-- Dataset section --

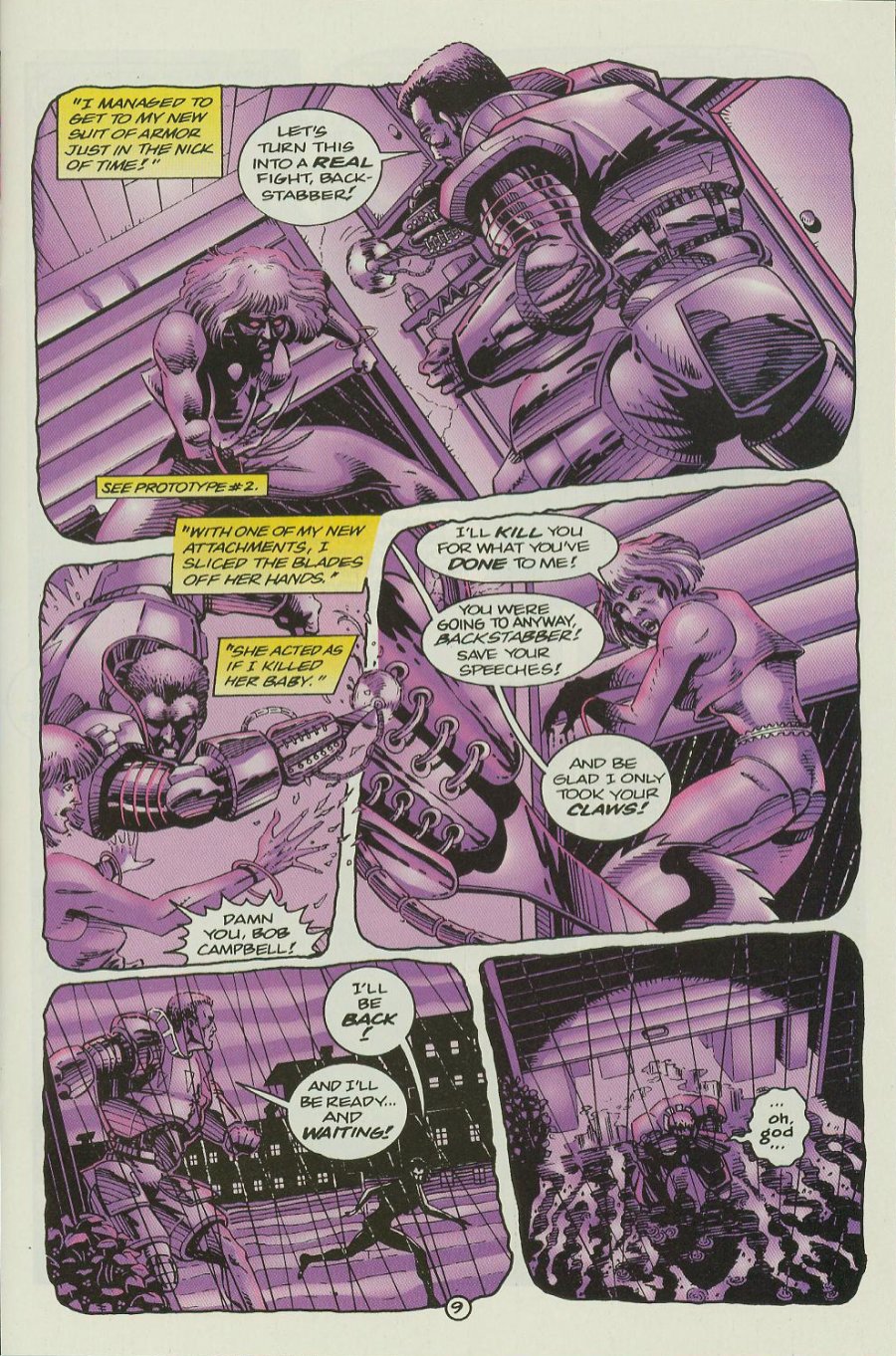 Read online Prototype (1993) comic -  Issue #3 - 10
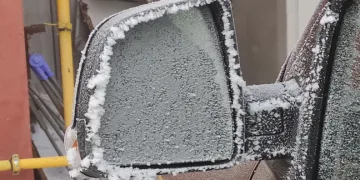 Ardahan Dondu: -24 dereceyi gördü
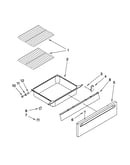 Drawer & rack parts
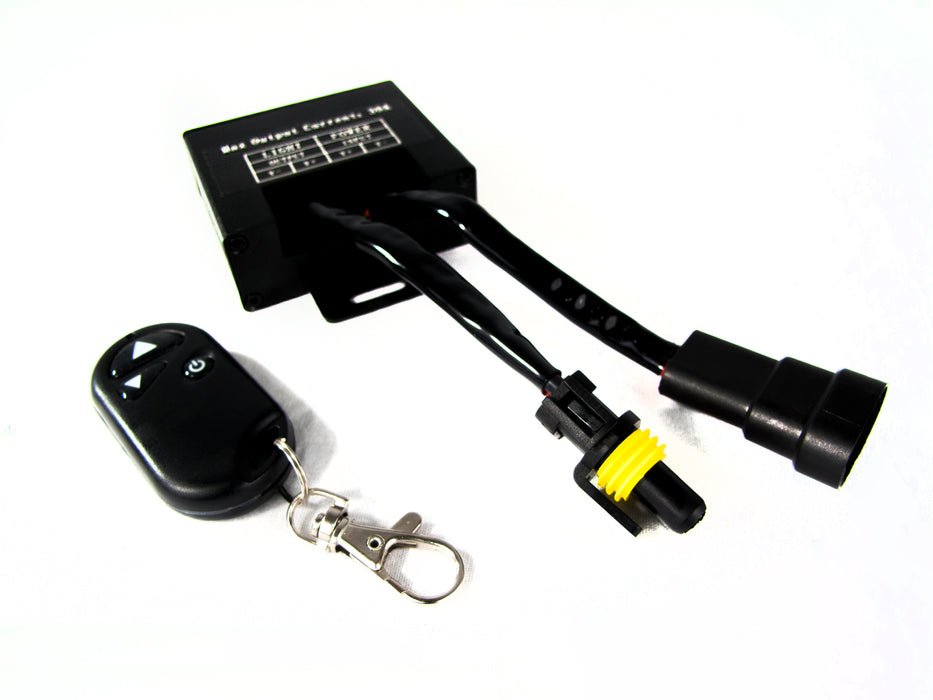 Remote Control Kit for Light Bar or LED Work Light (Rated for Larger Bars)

-- Aim of the exercise --
Repeat each line of the material exactly, please, and skip every picture.

-- Output for this exercise --
 Read online Prototype (1993) comic -  Issue #3 - 10
 Ardahan Dondu: -24 dereceyi gördü
 Drawer & rack parts
 Remote Control Kit for Light Bar or LED Work Light (Rated for Larger Bars)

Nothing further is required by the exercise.